Your response should contain exactly the lines running from the one with "instrucción 1 para" to the end of the data below, both included, and no pictures.

SUPPLIED INFORMATION:

=== Section Start ===

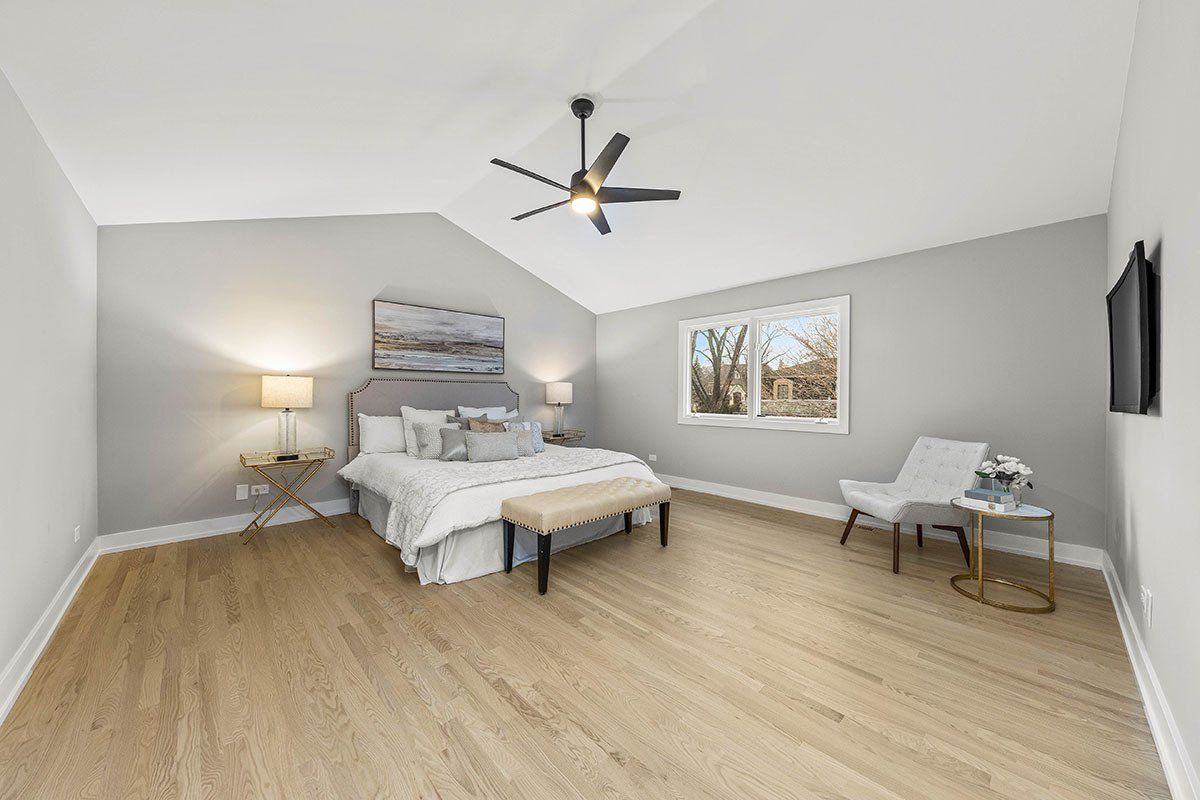 A bedroom with a bed , chair , table and ceiling fan.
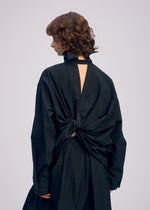 A model wears the ISSEY MIYAKE TWISTED DRAPE shirt.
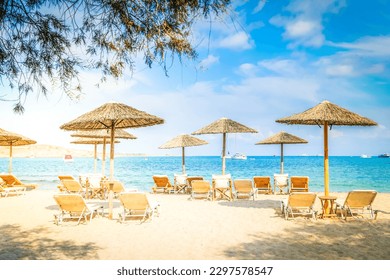 Romantic beach with sunbeds at greek island, Paros Greece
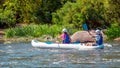 Rafting. Two girls descend on a large inflatable kayak on the river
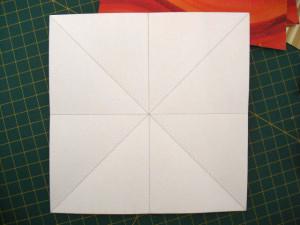 instrucción 1 para hacer una corona navideña de origami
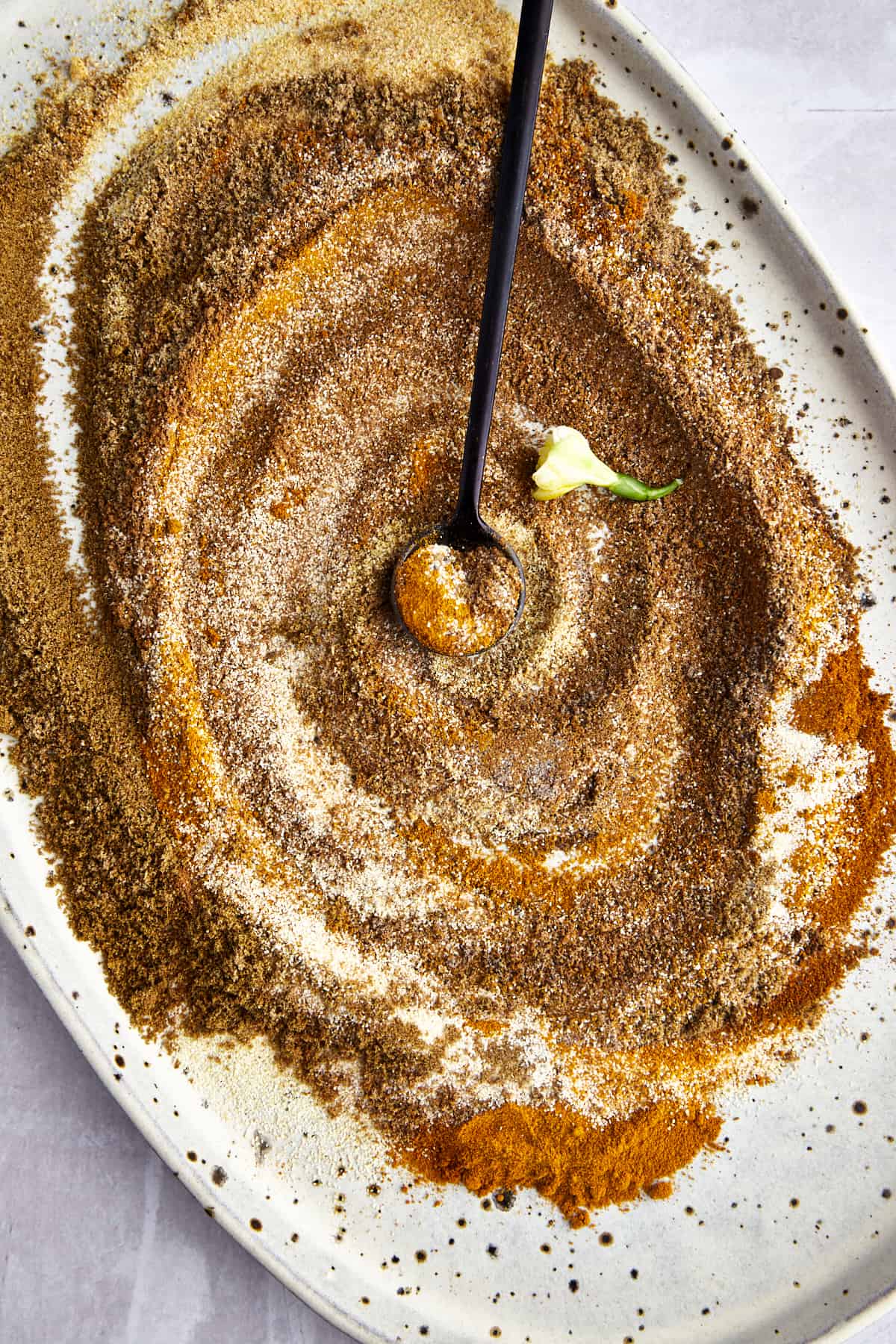 Shawarma spices being mixed together to make a DIY shawarma seasoning blend. 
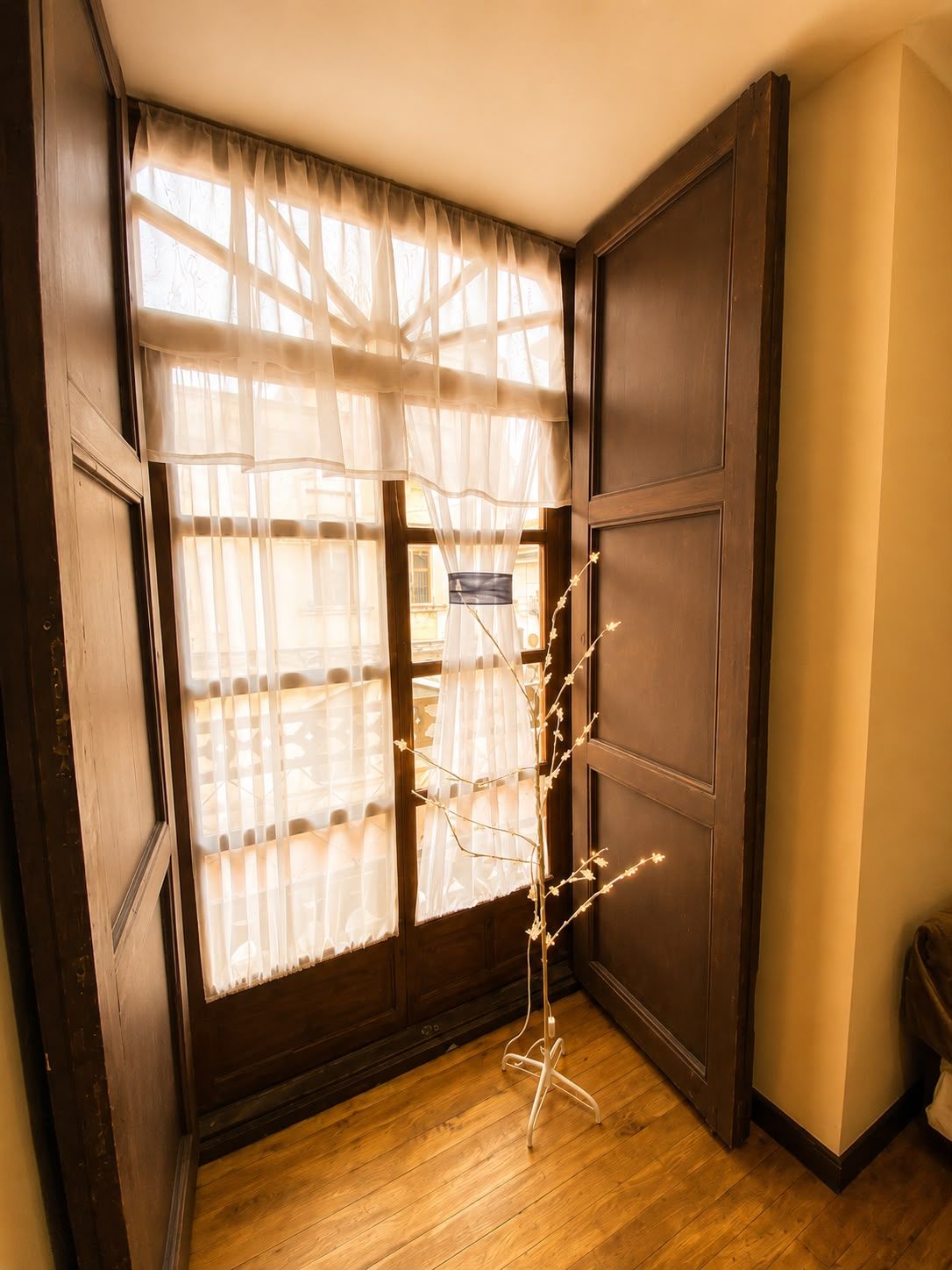 A room with a wooden floor, a window with sheer curtains, and a decorative light stand.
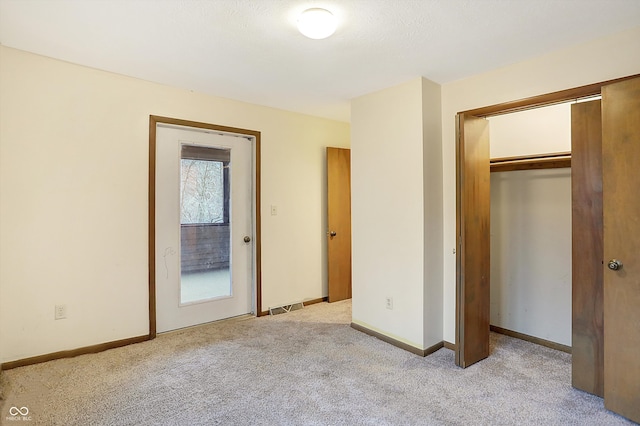 unfurnished bedroom with light carpet and a closet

=== Section End ===

RESULT BELOW:
 instrucción 1 para hacer una corona navideña de origami
 Shawarma spices being mixed together to make a DIY shawarma seasoning blend. 
 A room with a wooden floor, a window with sheer curtains, and a decorative light stand.
 unfurnished bedroom with light carpet and a closet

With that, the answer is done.